Lavoratori migranti: nessun diritto (alla pensione)

Pensione
Fonte: web

“Ai giorni nostri, la parte peggiore del lavoro è ciò che capita alla gente quando smette di lavorare.” Le parole dello scrittore Gilbert Keith Chesterton riassumono perfettamente quanto sia complicato cogliere i frutti dei sacrifici di una vita. E in alcuni casi addirittura improbabile.

In Italia la possibilità di andare in pensione è appesa al filo delle riforme che ridefiniscono le regole del gioco, più o meno, ad ogni cambio di governo. Anzianità contributiva (anni di lavoro e contributi versati) e vecchiaia anagrafica sono i due requisiti fondamentali. Sintetizzando: si può andare in pensione indipendentemente dall’età se si possiede un’anzianità contributiva di almeno 40 anni. Oppure bisogna aspettare di raggiungere il limite anagrafico, che ogni anno aumenta, ed è necessario aver versato i contributi per almeno 20 anni. Con delle differenze tra uomini e donne, e tra lavoratori autonomi, dipendenti del settore privato e della pubblica amministrazione.

La matassa di variabili e di relazioni in cui si perdono gli italiani quando smettono di lavorare, si fa ancora più ingarbugliata per gli stranieri. L’associazione Roma-Dakar recentemente ha posto l’accento sulla questione facendo notare che gli stranieri nel nostro Paese rappresentano circa il 13% della forza lavoro, ma percepiscono solo lo 0,2% delle pensioni pagate dall’Inps.

Claudio Piccinini, coordinatore dell’area immigrazione INCA CGIL, spiega: “La riforma Fornero ha penalizzato chiunque richieda la pensione. Ma la situazione è ancora più complicata per i migranti che hanno una storia lavorativa molto frammentata e debole, con dei versamenti più esigui. A prescindere dalle ultime riforme, sono penalizzati perché non possono far valere la contribuzione maturata in paesi diversi, come accade per gli italiani all’estero. E se non raggiungono una certa anzianità contributiva, ciò che è stato versato va perso. Legittimo pensare che qualcuno si sia fatto bene i conti”.

“Siamo prigionieri in questa condizione”, dice Ibrahima Camara che vive e lavora in Italia da 15 anni, e quando è arrivato dal Senegal aveva alle spalle una carriera di insegnante lunga 10 anni.

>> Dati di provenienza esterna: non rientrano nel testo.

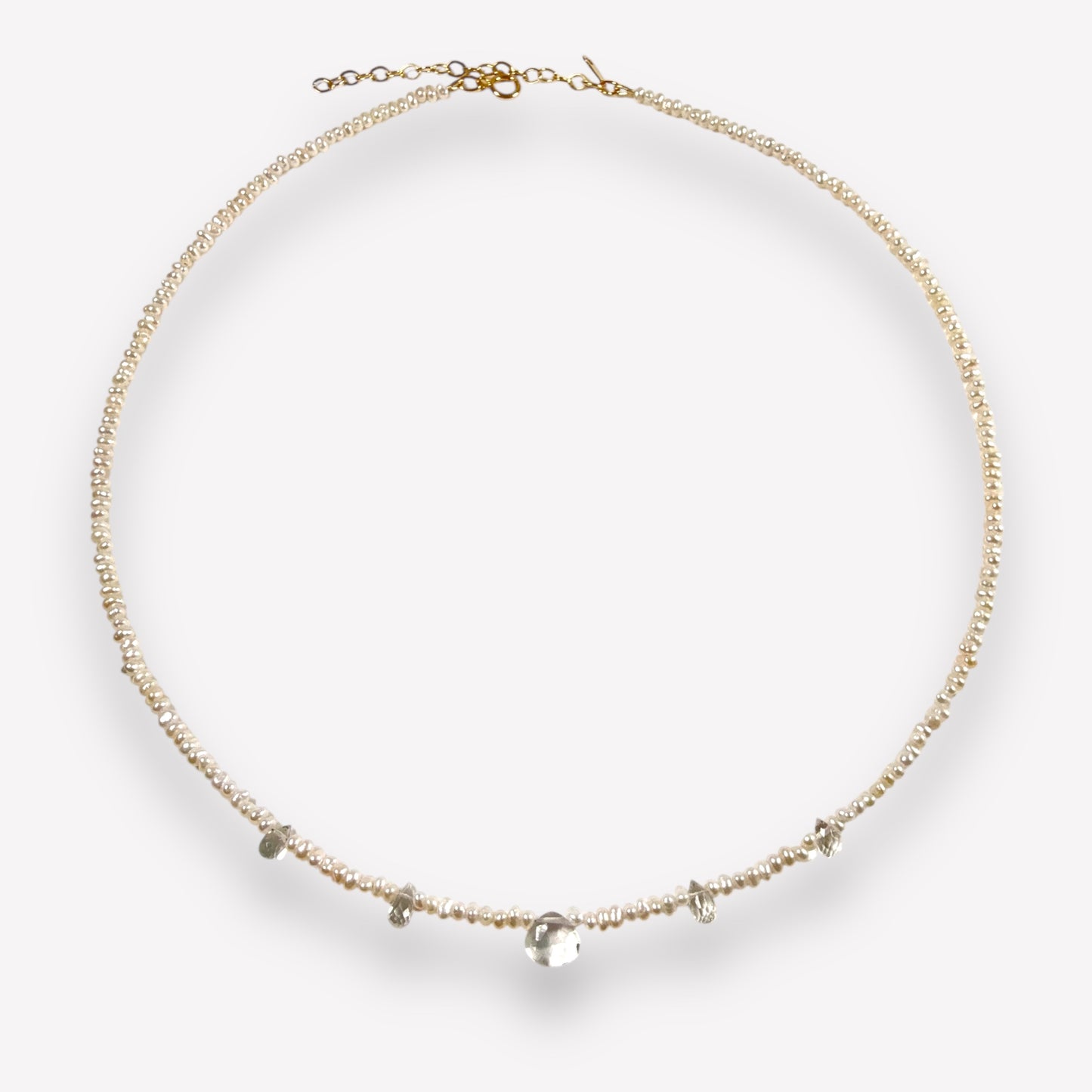 Mini Button Pearl and Crystal Necklace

Ha svolto diverse professioni, sempre in regola, e ora ha un contratto a tempo indeterminato come operatore socio educativo presso una cooperativa municipalizzata ad Aprilia. “Io tornerei nel mio paese anche domani. Ma non voglio perdere i contributi versati negli ultimi 15 anni”.

E, infatti, continua Claudio Piccinini: “ In alcuni casi l’unica soluzione per chi ritorna nel paese d’origine è una pensione calcolata secondo il sistema pro-rata (per cui ogni paese paga la quota maturata sul proprio territorio ndr). E si può richiedere solo intorno ai 70 anni, un’età fuori dall’aspettativa di vita media in certe regioni del mondo”.

I tempi sono lunghi anche per avere una semplice risposta ed è tutto vago e complicato. Viene un dubbio: lo fanno per scoraggiarti o c’è davvero una cattiva gestione? Per risolvere la questione è fondamentale lavorare su una cooperazione internazionale che sia reale. Vorremmo che il governo italiano ascoltasse i migranti per le questioni che riguardano i migranti. Noi ci siamo”, dice Ibrahima Camara. 

Le convenzioni bilaterali basterebbero a garantire il diritto alla pensione per i lavoratori con gli stessi doveri degli italiani, ma qualche diritto in meno. “Stipulare degli accordi potrebbe essere utile anche per i rapporti tra le pubbliche amministrazioni, per la sanità, per una serie di questioni. Gli altri stati solitamente sono disponibili a collaborare. Ma il nostro paese non è in grado di stipulare convenzioni per la sicurezza sociale”, conclude Claudio Piccinini.